ディノバ 80ミディアムランナー Sブラック/オレンジ
10ステラ4000XG
PEライン20ポンド&ナイロンリーダー20ポンド
プラウ90SL
ブレイドバー ブロンズ
富山県 神通川
2011年5月21日
AM11:30
快晴
23℃
14℃
アングラー:植松千英(うえまつ ちひで) 長野県諏訪郡在住

5月21日。
神通川サクラマス遊魚期間は残りわずかとなり、タイムリミットが迫ってきている。
“神通川渡り隊 with 庄川特派員”と命名・結成された仲間6名のチームが、
富山県の神通川と庄川でサクラマス釣りに燃えている2011年の春。

4月の解禁から神通川へ通うこと1カ月半が経過すると、
次々と隊員たちがサクラマスをキャッチし、
高い目標を達成するという好成果を上げる結果となった。

その後は、川は厳しい状態が続いている。
今日は、神通川で釣りをする今年最後の日になるのか?
何処で竿を振ろうかと考えたが、たとえ鱒は釣れなくても、
この川の上流域にはロッドを振っているだけで満足できてしまう、
自然豊かなロケーション最高の場所がある。

正午、その場所へ移動し、昼食をとろうとしていると、
曇っていた空から急に日が差し、青空が広がった。
川の中まで明るくなり、水色が一層奇麗に見えた。
「この広大なランをウェーディングして釣り下ろう!」
きっと気持ちが良いだろうと思い、川へ入った。

川幅は広く、水深もある。
いつもより長いロングロッドで、対岸までフルキャストすること数回。
『ディノバ 80MR』を流心のスリットに沈め込み、
カケアガリをトゥイッチングしながら鱒にアピールすると、
ロッドから「グン」という重いアタリが伝わり、アワセを大きく一発入れた。

遠く離れた流心脇でのヒット。
フッキングが十分ではないと考え、追いアワセも入れた。
すると、鱒が激しくローリングしているのが、ロッドから伝わってきた。

ヒットに気付いた仲間が、カメラを向けて近づいてきている。
鱒を引き寄せるのに時間がかかりそうだ。
バレないだろうかと心配し、胸を打つ鼓動が速くなり、緊張が走る。
そんなとき、以前『オーナーズパーティー!』で読んだある言葉が脳裏に浮かんだ。
「ノーバイトには希望もあるが、バラシは、本流鱒釣りにおける自殺行為だ」
仲間も下流から見守っている状況で、バラシは厳禁だ。

しかし、水深があるためこれ以上下ることのできない場所。
身動きがとれないので、少々強引にポンピングをする。
鱒を下流から寄せるためにリールを巻いたが、早朝からの釣りで腕も疲労していた。
鱒より自分が弱ってきていて、暴れる鱒をなかなか『プラウ90SL』に入れられない。

時間をかけて鱒を泳がせ、再度腕をいっぱいまで伸ばし『プラウ』に無理やりネットイン。

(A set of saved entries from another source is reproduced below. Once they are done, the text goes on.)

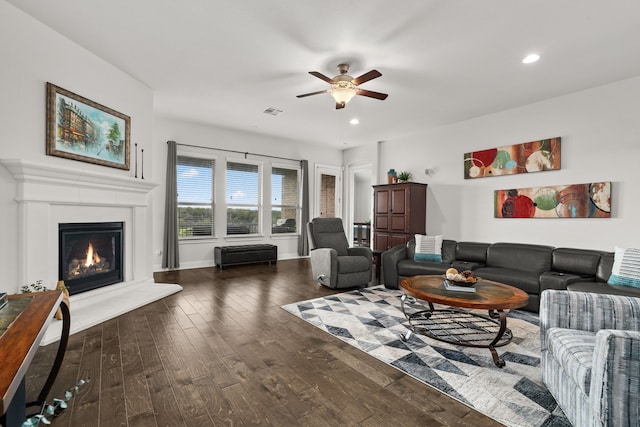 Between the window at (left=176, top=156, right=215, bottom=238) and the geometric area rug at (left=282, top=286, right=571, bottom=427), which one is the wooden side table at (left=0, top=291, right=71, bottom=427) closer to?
the geometric area rug at (left=282, top=286, right=571, bottom=427)

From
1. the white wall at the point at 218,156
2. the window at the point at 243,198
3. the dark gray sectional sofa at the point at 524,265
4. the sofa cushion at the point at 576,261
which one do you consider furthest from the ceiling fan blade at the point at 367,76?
the window at the point at 243,198

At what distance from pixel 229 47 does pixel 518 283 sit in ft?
14.3

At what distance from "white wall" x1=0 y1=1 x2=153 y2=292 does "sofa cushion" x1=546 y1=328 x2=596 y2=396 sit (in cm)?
421

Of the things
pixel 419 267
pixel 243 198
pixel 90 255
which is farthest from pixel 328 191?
pixel 90 255

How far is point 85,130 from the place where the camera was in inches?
134

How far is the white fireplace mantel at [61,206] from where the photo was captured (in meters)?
2.78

ネットに収まった鱒は、体長61cm、体重2.8kg。
欠損のない、とても奇麗なサクラマス。

釣りあげるハードルの高い鱒に、うれしさが込み上げ、
今日もこの川まで来たかいがあったと笑みがこぼれた。
神通川サクラマス遊魚期間は終盤を迎えていたので、
また美しいサクラマスに出会うことができたこと、
そして自分はこいつに会いに来たんだと思うと、いつの間にか疲労も吹き飛んでいた。

来年は何処の川で、また美しいサクラマスに会えるのだろうか。